RECORDS PROVIDED Start Marker

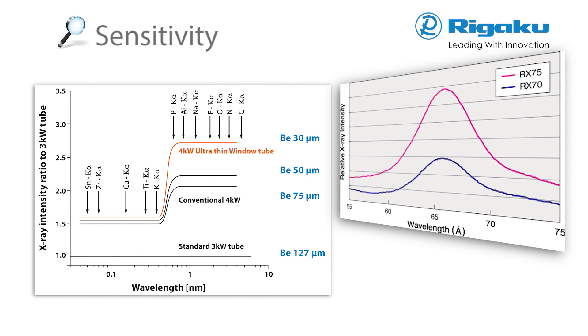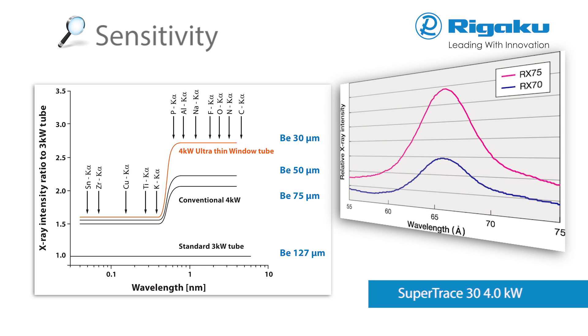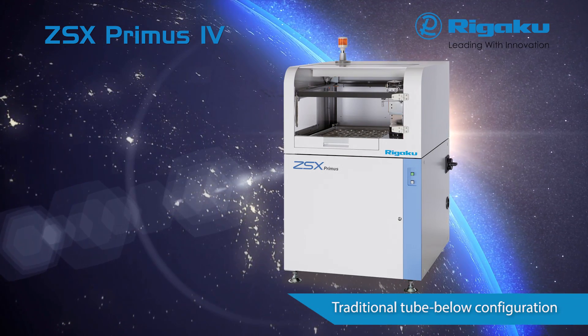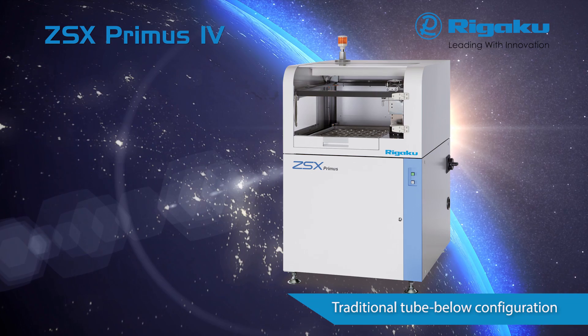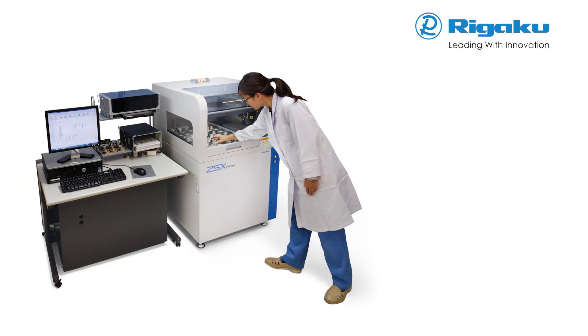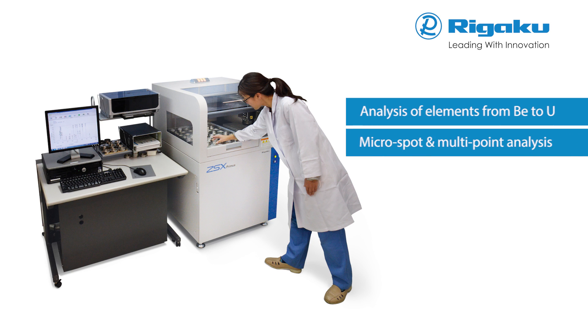Sensitivity is primarily a function of the X-ray tube. The available Supertrace 3.4kW end window X-ray tube delivers unparalleled light element performance down to beryllium. With the smallest footprint in the ZSX series, the ZSX Primus continues the tradition of delivering accurate results in a timely and seamless manner with unsurpassed reliability.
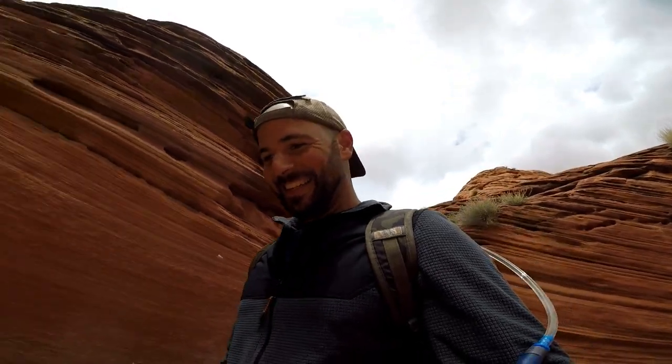It's rough on the knees. I thought that was going to be soft sand, but that sand is not soft.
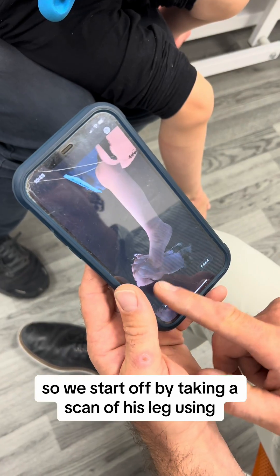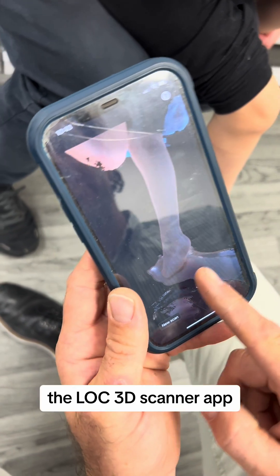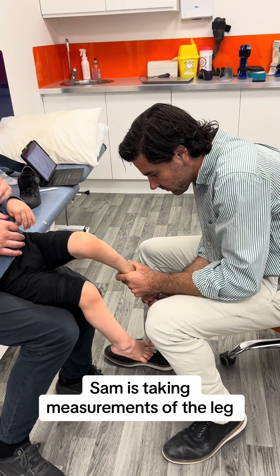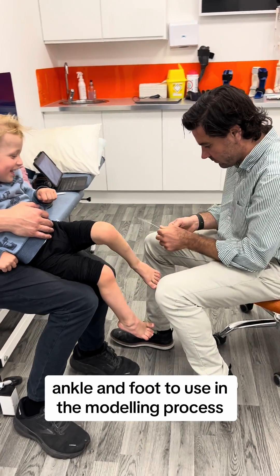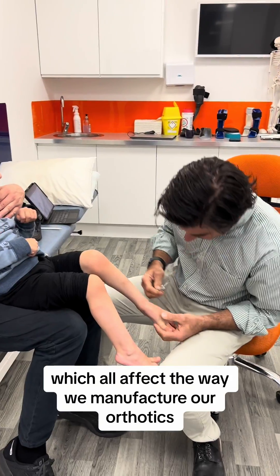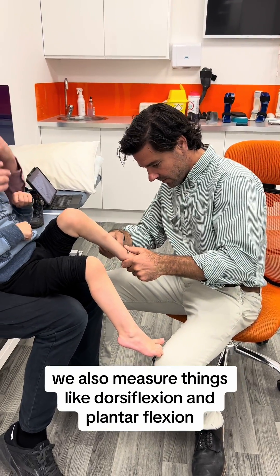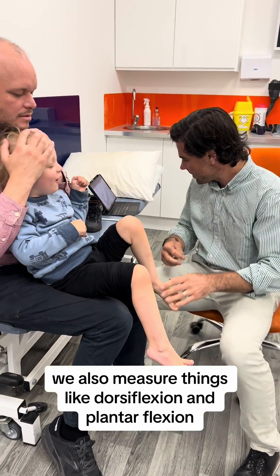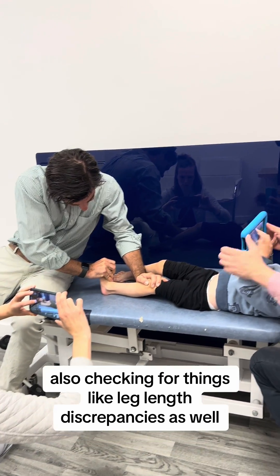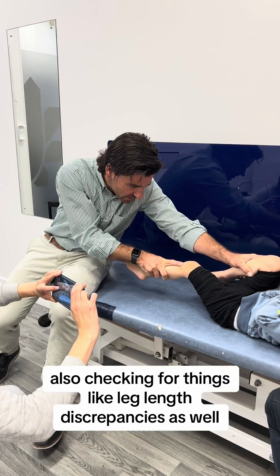We start off by taking a scan of his leg using the LOC 3D scanner app. Our senior orthotist Sam is taking measurements of the leg, ankle and foot to use in the modelling process, as well as things like his height and weight, which all affect the way we manufacture our orthotics. We also measure things like dorsiflexion and plantar flexion — how much movement he has in his ankle — and check for leg length discrepancies as well.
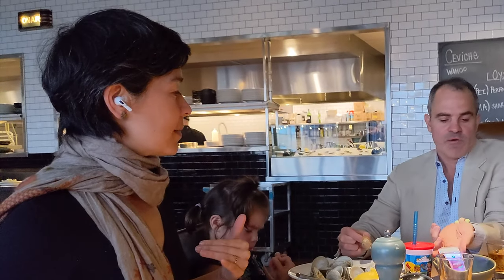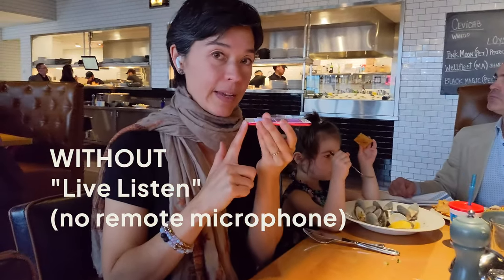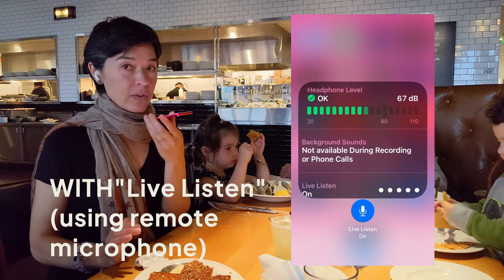This is what it sounds like without using Live Listen as a remote microphone. This is what it sounds like with Live Listen.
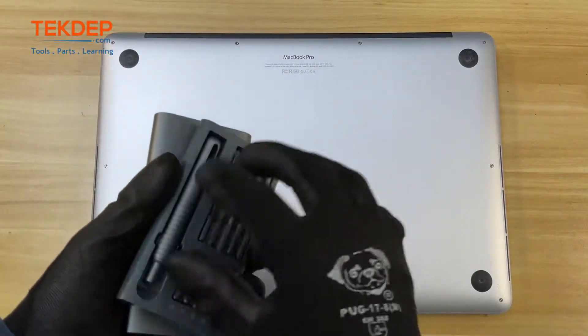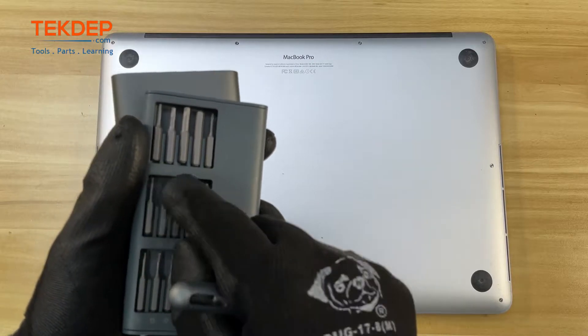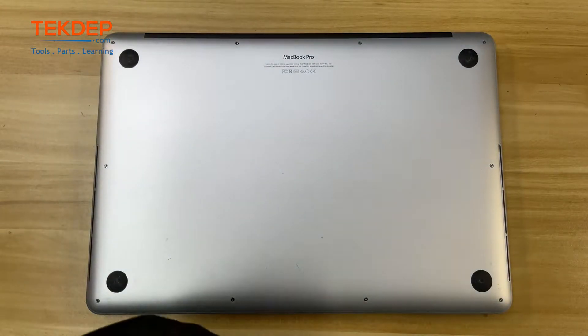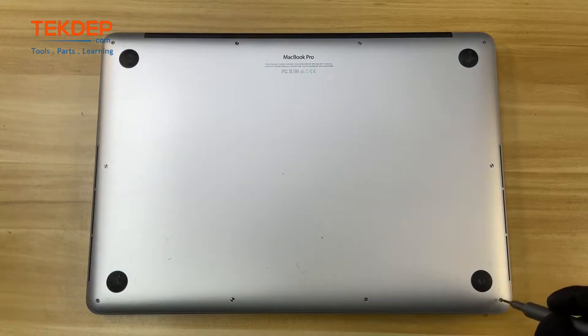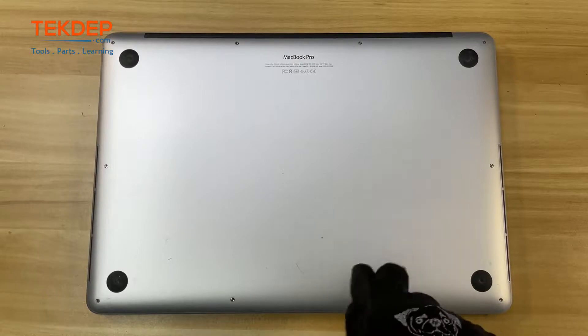Geek and Repair lovers, welcome to another tech tutorial from TechDev. In this episode, we will show you how to remove the logic board from the 15-inch MacBook Pro 2015 A1398 model. So get your toolkit ready and let's begin!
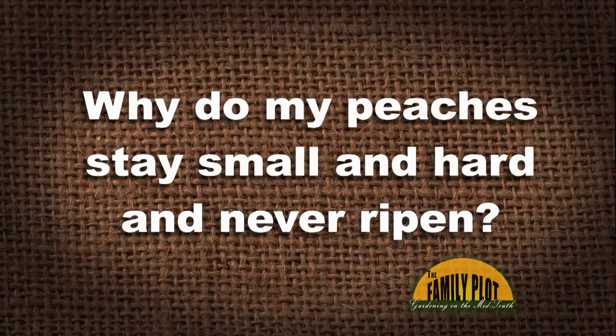My peaches get about the size of a golf ball and never get any bigger or ripen. They only stay hard. Why do my peaches stay small and hard and never ripen? This is Bill on YouTube. We know you like to talk about peaches. One of my favorite subjects here.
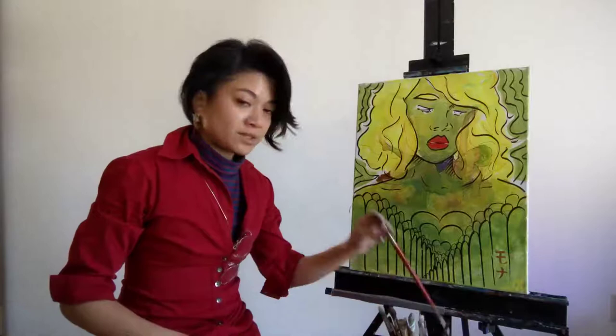Welcome to Mona Jane Paints. This piece is titled Shielded Heart. I'll be working with acrylics and tempera.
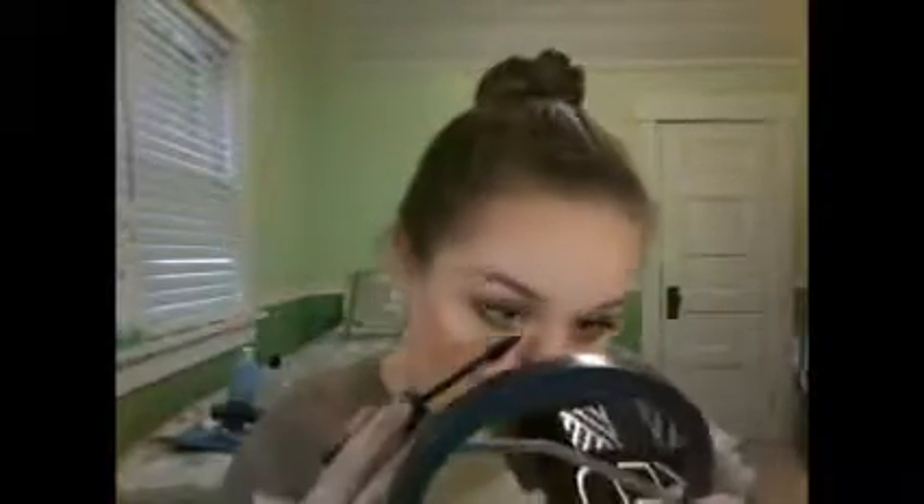And now I'm taking the Makeup Forever Smoky Extravagant Mascara to coat my lower lashes. I just prefer this one for my lower lashes because of the angle of the wand — it just gets my lower lashes better than the Better Than Sex Mascara does.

RECORDS PROVIDED End Marker

# YOUR ASSIGNMENT:
Pictures stay out. Transcribe the lines from the start of the entries above through the line with "It's rough on", exactly.

# RESPONSE TO THE EXERCISE:
Sensitivity is primarily a function of the X-ray tube. The available Supertrace 3.4kW end window X-ray tube delivers unparalleled light element performance down to beryllium. With the smallest footprint in the ZSX series, the ZSX Primus continues the tradition of delivering accurate results in a timely and seamless manner with unsurpassed reliability.
It's rough on the knees. I thought that was going to be soft sand, but that sand is not soft.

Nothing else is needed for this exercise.